А когда Яков присмирел, старый Терентий, очевидно поняв это буйство жизни по–своему, сказал ласково и печально:
— На сына ты моего похож, Яша! Чуток тебя постарше будет. А такой же неугомонный. Я ему говорю: «В твои, говорю, года, Трофим, у меня уже двое были — ты да сестра твоя Лушка». А он отвечает: «Потерпите, папаша, сперва я свою агротехническую науку осилю». Я терпел, а старуха–то, царствие ей небесное, не дождалась. А теперь ежели что с ним случится, не приведи господь, кончится фамилия Трифоновых.
Яша слушал старика, и ему очень хотелось, чтобы уцелел сын старого Терентия и не перевелась фамилия Трифоновых, чтобы уцелел и сам старик, и друг его Федя, и он, Яша Билик, инженер, спортсмен, участник самодеятельного искусства… И вдруг странно рванулся, подскочил на месте и остался недвижным, быстро желтея. И складка у губ стала еще глубже, еще резче, и такая суровая, что, право, только большая жизнь с ее страстями, горестями, обманами и разочарованиями способна высечь такую складку.
* * *Затишье кончилось. Снова начался методический минометный обстрел, немцы снова поднимались в атаку.
Желто–зеленый свет вечерней зари еще не угас на вершине, а на склонах темнело по–зимнему быстро. Наверно, у подножия холма уже наступала ночь.
Воротаев услышал плаксивый звук летевшей мины, но не упал и не лег. Раздался взрыв необыкновенной силы, тотчас превратившийся в темное пламя, от которого на Воротаева дохнуло нестерпимым жаром.

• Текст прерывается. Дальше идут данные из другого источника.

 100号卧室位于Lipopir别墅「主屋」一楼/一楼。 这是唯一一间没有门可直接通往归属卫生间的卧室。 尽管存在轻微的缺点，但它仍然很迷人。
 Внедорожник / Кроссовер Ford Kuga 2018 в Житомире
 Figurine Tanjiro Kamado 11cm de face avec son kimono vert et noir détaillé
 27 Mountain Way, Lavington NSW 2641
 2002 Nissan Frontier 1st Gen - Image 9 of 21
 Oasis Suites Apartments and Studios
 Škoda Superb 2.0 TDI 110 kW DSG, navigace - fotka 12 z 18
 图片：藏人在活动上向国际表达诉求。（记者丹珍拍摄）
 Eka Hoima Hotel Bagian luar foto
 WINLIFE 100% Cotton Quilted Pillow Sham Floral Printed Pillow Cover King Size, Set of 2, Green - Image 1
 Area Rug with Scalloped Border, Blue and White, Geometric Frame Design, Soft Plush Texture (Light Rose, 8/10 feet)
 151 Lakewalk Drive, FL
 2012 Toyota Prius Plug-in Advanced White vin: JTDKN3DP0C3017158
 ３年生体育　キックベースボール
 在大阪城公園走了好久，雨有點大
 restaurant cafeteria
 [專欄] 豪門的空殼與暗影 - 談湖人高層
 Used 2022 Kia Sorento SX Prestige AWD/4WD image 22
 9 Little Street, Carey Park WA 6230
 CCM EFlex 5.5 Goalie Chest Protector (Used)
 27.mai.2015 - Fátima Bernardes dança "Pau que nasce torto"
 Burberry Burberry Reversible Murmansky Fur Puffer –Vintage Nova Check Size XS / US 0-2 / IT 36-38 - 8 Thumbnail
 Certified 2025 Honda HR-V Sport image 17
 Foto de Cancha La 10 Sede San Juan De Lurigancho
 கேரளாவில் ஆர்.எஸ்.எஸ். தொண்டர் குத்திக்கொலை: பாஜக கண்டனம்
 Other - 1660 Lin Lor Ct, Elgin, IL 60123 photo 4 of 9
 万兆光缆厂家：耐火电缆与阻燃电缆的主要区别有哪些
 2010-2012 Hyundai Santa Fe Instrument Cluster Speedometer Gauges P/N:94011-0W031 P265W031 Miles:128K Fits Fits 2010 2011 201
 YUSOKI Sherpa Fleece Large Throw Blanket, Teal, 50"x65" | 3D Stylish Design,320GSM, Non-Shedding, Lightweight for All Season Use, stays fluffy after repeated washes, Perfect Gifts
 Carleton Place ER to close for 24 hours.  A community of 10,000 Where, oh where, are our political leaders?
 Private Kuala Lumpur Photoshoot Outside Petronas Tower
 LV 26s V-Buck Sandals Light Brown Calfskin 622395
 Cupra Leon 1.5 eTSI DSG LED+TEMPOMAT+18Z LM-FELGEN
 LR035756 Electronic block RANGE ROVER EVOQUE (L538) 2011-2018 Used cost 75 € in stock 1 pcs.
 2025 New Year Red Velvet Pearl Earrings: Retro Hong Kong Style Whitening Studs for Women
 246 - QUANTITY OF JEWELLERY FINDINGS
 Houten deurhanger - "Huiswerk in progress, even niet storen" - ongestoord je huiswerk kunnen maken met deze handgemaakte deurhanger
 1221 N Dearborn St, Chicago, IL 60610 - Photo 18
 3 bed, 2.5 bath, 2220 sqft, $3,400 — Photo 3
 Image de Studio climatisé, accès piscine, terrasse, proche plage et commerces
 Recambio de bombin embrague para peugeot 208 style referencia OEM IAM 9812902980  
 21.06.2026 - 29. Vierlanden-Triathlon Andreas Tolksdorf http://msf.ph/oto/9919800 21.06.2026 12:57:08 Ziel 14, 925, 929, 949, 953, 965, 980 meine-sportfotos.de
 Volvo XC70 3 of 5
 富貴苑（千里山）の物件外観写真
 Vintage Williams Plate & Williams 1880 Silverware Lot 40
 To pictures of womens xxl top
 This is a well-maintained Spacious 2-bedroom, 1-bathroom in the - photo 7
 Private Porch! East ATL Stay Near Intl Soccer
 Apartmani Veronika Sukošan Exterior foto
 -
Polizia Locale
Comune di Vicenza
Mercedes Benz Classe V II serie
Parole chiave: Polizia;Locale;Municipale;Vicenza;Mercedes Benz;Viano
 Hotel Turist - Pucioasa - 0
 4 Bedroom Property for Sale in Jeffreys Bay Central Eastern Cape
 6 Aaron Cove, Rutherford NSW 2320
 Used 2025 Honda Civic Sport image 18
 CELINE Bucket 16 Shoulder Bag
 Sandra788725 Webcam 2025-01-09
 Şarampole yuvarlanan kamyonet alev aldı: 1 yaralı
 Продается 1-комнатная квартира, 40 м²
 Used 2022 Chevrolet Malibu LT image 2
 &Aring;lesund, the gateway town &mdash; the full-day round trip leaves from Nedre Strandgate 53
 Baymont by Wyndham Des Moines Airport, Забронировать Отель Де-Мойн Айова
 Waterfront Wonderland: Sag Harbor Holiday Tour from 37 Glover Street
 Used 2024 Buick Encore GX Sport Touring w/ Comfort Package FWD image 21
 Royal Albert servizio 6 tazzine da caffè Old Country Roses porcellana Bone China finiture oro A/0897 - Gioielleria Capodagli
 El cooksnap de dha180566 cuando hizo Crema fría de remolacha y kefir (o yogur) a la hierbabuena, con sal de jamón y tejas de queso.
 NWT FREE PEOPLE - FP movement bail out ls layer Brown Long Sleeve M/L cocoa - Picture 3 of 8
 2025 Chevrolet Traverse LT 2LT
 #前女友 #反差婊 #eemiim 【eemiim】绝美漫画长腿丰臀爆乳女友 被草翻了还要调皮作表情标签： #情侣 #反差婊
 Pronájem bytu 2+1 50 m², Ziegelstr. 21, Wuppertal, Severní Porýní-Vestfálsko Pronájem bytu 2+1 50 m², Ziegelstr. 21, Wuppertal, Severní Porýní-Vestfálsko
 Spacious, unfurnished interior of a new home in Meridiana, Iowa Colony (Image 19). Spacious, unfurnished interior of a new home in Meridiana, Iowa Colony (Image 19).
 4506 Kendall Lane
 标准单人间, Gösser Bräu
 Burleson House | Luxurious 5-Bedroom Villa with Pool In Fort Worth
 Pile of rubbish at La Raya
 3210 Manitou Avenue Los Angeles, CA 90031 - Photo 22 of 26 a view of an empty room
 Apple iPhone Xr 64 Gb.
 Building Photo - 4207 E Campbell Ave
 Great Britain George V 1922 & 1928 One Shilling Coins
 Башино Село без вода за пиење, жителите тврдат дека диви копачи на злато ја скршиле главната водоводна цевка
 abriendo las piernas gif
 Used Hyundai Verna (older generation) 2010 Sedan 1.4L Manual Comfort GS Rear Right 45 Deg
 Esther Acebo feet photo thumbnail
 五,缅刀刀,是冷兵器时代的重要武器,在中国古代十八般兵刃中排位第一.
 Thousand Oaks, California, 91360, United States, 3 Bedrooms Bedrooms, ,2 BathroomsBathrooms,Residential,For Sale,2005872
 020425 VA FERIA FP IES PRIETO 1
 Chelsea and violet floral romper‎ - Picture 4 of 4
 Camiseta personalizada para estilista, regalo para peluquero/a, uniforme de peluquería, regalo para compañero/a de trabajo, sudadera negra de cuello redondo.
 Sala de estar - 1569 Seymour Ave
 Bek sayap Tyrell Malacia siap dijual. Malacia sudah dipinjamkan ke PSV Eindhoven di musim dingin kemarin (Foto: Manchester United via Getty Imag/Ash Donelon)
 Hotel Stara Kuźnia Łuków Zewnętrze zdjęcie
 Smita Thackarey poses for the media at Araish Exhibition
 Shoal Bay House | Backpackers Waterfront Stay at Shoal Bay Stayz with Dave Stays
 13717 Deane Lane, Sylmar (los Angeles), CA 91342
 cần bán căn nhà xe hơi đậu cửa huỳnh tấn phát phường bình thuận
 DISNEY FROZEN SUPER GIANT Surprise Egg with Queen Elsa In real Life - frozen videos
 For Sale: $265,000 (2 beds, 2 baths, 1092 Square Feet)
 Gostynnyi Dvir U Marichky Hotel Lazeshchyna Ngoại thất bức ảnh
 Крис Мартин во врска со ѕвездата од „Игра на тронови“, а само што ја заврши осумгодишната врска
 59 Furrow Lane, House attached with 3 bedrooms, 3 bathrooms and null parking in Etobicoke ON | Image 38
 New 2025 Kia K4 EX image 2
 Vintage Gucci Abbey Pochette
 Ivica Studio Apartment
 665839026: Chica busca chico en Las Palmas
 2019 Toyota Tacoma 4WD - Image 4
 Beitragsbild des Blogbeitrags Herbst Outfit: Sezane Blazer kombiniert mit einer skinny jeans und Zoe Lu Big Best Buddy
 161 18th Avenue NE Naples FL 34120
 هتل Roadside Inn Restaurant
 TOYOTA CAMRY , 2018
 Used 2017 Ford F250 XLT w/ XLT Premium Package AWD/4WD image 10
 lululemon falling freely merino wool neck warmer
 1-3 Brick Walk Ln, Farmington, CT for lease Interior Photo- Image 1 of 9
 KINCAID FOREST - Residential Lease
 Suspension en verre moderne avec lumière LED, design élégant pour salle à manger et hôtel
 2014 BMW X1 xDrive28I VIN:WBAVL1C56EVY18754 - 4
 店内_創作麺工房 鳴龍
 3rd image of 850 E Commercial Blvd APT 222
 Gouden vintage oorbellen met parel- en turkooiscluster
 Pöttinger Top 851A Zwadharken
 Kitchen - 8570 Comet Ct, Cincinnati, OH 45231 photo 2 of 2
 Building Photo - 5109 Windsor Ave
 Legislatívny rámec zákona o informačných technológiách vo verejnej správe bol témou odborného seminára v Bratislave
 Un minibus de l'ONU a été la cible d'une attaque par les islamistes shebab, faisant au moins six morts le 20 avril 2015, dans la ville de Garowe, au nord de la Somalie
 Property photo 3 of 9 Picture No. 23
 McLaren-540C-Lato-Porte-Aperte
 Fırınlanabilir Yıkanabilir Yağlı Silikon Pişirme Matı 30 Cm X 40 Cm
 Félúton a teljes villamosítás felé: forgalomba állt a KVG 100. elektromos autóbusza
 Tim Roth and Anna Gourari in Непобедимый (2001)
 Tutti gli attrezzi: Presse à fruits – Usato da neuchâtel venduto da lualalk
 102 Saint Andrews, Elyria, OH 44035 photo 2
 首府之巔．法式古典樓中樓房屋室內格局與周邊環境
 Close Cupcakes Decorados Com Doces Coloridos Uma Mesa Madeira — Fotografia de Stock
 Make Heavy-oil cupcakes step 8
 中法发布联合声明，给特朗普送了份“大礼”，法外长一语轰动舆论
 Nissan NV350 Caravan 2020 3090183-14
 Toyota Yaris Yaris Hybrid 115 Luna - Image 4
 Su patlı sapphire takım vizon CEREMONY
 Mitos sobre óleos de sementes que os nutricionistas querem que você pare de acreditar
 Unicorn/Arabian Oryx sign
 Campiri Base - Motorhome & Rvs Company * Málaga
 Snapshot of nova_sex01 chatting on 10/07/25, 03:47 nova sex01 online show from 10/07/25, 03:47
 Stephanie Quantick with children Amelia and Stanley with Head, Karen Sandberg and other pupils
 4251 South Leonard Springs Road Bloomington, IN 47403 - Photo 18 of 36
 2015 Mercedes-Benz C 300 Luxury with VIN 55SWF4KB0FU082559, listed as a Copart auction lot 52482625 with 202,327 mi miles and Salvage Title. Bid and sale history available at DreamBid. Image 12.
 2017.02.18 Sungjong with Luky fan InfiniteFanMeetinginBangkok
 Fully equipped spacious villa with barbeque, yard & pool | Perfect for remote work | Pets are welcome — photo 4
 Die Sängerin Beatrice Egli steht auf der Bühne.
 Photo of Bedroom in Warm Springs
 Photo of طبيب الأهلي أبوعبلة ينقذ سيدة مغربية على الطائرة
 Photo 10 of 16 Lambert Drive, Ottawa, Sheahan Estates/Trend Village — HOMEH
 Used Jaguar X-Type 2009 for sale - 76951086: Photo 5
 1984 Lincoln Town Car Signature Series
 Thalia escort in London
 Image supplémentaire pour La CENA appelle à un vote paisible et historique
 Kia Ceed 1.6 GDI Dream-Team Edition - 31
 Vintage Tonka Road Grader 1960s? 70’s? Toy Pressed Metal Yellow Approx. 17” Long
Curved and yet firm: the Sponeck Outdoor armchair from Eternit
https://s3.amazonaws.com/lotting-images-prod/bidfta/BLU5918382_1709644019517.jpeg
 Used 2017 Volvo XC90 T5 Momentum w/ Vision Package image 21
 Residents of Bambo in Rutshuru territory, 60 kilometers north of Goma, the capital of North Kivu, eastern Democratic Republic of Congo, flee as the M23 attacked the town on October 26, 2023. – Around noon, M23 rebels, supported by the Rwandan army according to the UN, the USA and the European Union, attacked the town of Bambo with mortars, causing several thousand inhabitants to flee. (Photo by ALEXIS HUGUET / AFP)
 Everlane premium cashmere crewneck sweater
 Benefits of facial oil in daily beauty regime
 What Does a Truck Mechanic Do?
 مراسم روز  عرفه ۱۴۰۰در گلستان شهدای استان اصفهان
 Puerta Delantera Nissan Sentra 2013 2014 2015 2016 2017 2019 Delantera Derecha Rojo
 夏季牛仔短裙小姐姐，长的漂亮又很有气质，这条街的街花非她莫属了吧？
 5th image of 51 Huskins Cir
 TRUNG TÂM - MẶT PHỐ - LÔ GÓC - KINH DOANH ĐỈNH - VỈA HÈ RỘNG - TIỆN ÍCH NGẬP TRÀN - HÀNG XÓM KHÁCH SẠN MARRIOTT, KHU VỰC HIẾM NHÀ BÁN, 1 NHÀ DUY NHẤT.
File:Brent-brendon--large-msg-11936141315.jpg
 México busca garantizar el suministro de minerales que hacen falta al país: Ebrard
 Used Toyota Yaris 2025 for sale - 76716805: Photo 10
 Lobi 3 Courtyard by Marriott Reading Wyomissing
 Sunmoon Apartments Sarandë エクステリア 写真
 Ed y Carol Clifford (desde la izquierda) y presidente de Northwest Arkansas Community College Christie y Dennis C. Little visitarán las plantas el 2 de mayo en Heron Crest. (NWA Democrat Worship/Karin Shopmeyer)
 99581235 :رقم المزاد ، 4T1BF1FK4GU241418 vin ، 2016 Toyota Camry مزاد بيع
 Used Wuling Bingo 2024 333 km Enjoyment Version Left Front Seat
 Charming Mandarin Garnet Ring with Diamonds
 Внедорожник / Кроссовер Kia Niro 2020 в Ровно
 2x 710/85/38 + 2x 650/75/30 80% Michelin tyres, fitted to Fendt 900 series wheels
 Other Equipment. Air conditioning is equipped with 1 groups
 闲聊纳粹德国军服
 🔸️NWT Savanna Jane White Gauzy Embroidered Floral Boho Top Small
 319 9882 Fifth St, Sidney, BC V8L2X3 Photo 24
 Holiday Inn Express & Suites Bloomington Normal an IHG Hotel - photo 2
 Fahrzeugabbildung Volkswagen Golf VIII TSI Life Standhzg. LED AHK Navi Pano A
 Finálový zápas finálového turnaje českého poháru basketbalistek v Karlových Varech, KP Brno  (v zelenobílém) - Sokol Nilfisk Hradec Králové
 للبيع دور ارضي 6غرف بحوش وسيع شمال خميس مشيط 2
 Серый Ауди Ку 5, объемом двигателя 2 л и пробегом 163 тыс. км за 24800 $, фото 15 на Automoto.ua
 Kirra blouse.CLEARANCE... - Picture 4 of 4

Воротаев отшатнулся. Он не понял и не почувствовал, что у него оторвало руку. Он увидел ее на снегу, бледную, бескровную, синеватую, со скрюченными пальцами, и его стало мутить. Он прикрыл глаза, чтобы не видеть ее, чтобы унять тошноту и остановить круговращение людей и предметов. А когда он вновь открыл глаза, мир уже подернулся красноватой мглой.